The petitioners said the definition of terrorism under ATA is both “vague and over breadth” that would allow law enforcers to arbitrarily and selectively enforce the law.

Section 4 on the definition of terrorism, according to the petitioners, contains a qualifier that supposedly protects advocacy and protests but is actually rendered meaningless by the succeeding phrase “which are not intended to cause death or serious physical harm to a person, to endanger a person’s life, or to create a serious risk to public safety.”

The ATA, according to the petitioners would promote an “arrest now, explain later” mentality.

“The vagueness of the provisions vests law enforcers with unbridled discretion to interpret the law and result in arbitrary and discriminatory enforcement as the wording of the law could be used for any hypothetical scenario,” the petition read.

“The lack of standards in the wording of the ATA enables malicious criminal prosecution of innocent right-holders. Unsuspecting citizens would second-guess their actions, chilling them into silence,” it added.

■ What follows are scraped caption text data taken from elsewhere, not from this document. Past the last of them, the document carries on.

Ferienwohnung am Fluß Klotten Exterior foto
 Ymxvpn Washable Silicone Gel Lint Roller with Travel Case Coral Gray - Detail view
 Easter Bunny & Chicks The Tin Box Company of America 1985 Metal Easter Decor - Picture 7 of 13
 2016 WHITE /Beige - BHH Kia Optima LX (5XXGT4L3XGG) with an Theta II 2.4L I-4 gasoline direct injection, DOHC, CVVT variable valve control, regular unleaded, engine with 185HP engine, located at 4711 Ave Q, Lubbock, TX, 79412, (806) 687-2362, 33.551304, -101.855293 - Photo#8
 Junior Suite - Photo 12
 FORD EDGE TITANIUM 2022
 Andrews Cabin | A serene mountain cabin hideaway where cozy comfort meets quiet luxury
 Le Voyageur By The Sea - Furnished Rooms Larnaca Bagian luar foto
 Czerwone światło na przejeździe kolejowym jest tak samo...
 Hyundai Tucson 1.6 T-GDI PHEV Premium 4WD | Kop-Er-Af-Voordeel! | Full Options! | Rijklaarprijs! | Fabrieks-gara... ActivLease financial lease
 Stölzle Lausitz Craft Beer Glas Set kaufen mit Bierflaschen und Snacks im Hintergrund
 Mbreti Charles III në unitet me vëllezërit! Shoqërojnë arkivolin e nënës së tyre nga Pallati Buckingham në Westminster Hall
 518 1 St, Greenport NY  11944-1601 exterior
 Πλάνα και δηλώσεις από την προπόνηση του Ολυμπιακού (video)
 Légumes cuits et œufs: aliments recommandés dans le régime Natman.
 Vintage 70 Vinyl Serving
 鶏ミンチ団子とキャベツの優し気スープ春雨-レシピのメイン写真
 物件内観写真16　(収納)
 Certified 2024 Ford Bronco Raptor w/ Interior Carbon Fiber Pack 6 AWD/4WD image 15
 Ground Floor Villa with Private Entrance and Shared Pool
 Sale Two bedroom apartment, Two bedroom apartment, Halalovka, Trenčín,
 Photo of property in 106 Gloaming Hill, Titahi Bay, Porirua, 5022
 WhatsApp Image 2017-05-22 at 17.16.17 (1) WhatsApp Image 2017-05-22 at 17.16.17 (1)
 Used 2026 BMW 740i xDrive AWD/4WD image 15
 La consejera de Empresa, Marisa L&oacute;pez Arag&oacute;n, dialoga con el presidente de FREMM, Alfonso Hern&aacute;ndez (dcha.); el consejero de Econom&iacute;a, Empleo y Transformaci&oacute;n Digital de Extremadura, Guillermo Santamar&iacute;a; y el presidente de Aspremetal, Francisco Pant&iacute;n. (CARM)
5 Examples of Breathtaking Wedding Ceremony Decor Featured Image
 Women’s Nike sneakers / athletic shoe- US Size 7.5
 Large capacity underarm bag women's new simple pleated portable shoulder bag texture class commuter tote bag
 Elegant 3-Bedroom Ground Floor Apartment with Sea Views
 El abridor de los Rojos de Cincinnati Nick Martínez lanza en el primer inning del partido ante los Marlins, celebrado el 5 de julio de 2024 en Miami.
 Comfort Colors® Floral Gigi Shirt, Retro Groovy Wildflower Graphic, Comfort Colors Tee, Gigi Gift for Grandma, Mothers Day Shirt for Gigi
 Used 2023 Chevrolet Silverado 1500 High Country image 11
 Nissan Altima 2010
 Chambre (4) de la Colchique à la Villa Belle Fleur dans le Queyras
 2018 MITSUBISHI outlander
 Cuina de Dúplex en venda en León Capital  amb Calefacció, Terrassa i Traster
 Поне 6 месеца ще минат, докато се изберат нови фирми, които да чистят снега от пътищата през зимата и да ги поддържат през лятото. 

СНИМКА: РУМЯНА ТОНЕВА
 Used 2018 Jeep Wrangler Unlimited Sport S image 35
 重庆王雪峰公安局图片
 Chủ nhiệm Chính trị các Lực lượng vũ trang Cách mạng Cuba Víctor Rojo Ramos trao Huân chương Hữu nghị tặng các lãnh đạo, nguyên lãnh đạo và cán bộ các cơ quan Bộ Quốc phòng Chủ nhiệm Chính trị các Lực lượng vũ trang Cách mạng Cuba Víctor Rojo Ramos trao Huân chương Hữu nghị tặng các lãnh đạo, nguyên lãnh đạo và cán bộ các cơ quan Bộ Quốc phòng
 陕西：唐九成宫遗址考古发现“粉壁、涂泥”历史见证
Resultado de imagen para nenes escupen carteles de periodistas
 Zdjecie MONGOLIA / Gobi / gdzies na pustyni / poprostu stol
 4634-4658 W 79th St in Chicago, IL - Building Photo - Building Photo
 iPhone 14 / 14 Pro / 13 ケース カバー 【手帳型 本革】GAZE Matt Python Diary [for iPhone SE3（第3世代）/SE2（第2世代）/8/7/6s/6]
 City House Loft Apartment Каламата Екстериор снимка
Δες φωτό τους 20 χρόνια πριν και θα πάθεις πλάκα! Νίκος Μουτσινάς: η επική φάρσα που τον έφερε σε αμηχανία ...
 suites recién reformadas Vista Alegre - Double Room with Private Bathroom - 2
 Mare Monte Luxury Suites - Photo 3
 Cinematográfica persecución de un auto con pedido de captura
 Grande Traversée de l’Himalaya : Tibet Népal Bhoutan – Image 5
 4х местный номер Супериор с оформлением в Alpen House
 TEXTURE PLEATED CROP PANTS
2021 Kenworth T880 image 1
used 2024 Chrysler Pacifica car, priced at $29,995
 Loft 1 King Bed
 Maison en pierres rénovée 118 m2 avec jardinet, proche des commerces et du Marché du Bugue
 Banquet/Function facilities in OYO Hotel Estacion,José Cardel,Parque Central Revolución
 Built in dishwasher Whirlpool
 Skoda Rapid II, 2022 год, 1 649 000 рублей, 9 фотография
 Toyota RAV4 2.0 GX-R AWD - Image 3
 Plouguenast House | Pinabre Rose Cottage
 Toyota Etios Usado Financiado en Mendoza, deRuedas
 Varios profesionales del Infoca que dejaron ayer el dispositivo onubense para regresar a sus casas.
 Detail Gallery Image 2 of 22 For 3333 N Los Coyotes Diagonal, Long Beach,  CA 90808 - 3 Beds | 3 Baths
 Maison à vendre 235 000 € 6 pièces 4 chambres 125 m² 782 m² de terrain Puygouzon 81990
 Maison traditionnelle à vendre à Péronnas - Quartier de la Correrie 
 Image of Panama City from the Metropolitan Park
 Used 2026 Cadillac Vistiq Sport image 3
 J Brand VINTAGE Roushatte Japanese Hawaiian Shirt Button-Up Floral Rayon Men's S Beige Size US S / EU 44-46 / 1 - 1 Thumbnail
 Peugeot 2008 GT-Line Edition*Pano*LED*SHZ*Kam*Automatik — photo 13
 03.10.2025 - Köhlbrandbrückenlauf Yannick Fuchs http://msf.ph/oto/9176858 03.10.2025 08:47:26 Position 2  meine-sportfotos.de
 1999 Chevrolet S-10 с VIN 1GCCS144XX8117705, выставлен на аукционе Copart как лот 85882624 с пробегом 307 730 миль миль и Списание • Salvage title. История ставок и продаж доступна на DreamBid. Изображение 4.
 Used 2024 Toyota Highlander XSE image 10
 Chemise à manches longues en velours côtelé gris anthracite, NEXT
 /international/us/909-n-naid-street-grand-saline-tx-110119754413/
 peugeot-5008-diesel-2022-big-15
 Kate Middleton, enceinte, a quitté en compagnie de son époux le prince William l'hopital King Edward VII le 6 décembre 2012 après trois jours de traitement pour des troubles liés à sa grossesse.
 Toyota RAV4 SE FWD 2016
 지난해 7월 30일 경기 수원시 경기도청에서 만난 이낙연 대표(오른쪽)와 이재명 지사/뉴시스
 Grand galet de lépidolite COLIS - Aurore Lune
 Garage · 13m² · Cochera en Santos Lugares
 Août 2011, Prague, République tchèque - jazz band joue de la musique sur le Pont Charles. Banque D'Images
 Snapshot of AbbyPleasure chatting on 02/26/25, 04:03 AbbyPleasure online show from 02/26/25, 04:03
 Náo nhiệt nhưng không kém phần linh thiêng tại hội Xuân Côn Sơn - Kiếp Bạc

The petitioners added that the ATA illegally allows an executive body, the Anti-Terrorism Council (ATC) to encroach on a judge’s exclusive prerogative to issue arrest warrants.

The petition also assails the overbroad discretionary powers to wiretap private communication based on mere suspicion and in violation of the right against unreasonable searches and seizures, as well as the grant of unbridled discretion to the ATC to impose security classifications on all its records.

“In its fight against terrorism, the government must not be the source of terror and impunity itself. We must never let reason continue to escape us,” Morales said.

Retired Justice Carpio added: “The Constitution declares that the right of the people ‘to be secure in their persons xxx against unreasonable xxx seizures of whatever nature and for any purpose’ shall be ‘inviolable.’ To guarantee this, the Constitution erected two fortresses: the first fortress is that only a judge can issue warrants of arrests; the second fortress is that warrants of arrest must be issued only upon probable cause. What has the ATA done? The ATA has demolished both and reinstated the ASSOs [Arrest, Search and Seizure Order] of the martial law era. Section 29 of the ATA begins with the tell-tale heading Detention Without Judicial Warrant of Arrest.”

Carpio and Morales are joined by Constitutional Law professors from the University of the Philippines, College of Law: Associate Dean and Institute for Maritime Affairs and Law of the Sea Director Jay L. Batongbacal, Institute for the Administration of Justice Director Dante B. Gatmaytan, former Supreme Court Public Information Office chief Theodore Te, and Senior Professorial Lecturers Victoria V. Loanzon and Anthony Charlemagne C. Yu in the petition.

Other co-petitioners include former Magdalo Party-list Representative and Security Analyst Francisco Ashley L. Acedillo and incumbent UP Student Council councilor Tierone James M. Santos.

They were represented by UP Professors Luisito Liban, John Molo and Gwen de Vera and assisted by lawyer Darwin Angeles.

Liban is a former senior partner of Sycip Salazar Hernandez and Gatmaitan, who previously argued the constitutional challenge against the Reproductive Health Law.

De Vera, for his part, has appeared in several Supreme Court cases and is a former Dean of the Manuel L. Quezon School of Law. Molo has argued several landmark cases before the Supreme Court, including Belgica v. Ochoa which declared the pork barrel unconstitutional.